Communicating Results
Week 4 | Lesson 5.1
LEARNING OBJECTIVES
After this lesson, you will be able to:
- Describe the difference between exploratory data analysis and visualization for sales/presentations
- Identify the components of a concise, convincing report and how they relate to specific audiences/stakeholders
- Explain accuracy, precision, recall, and type errors of a model
- Articulate the cost of false positives vs. false negatives.
- Explain a confusion matrix
STUDENT PRE-WORK
Before this lesson, you should already be able to:
- Build linear and logit models
- Use cross-validation and regularization to improve performance
- Explain model coefficients and key metrics
INSTRUCTOR PREP
Before this lesson, instructors will need to:
- Gather materials needed for class
- Read through datasets and starter/solution code
- Add to the "Additional Resources" section for this lesson
LESSON GUIDE
TIMING | TYPE | TOPIC |
---|---|---|
5 min | Opening | We Built A Model |
10 min | Introduction | Good Visualization Practices and the Confusion Matrix |
15 min | Demo | Precision Recall Trade-off |
25 min | Guided Practice | Visualizing Models Over Variables |
25 min | Independent Practice | Comparing Multiple Models |
5 min | Conclusion | Communicating Results |
We Built A Model (5 mins)
Congrats!

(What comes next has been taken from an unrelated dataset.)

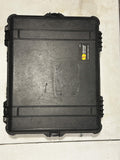 Pelican 1600 Case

You've been building models. However, there is a major step between your Jupyter notebooks, matplotlib figures, and the inevitable client/boss presentation.
Classes so far have heavily focused on two core concepts: developing consistent practice with pandas, matplotlib, and sklearn, and interpreting metrics that help evaluate the performance of models. But what does this really mean to the end user? Imagine user responses to some of the following statements:
- The predictive model I built has an accuracy of 80%.
- The logistic regression was optimized with L2 regularization, so you know it's good.
- Gender was more important than age in the predictive model because it had a larger coefficient.
- Here's the AUC chart that shows how well the model did.
How might your stakeholders respond? How would you respond back?
In a business setting, you are often the only person who can interpret what you've built. While some people may be familiar with basic data visualizations, by and large you will need to do a lot of "hand holding," especially if your team has never worked with data scientists before.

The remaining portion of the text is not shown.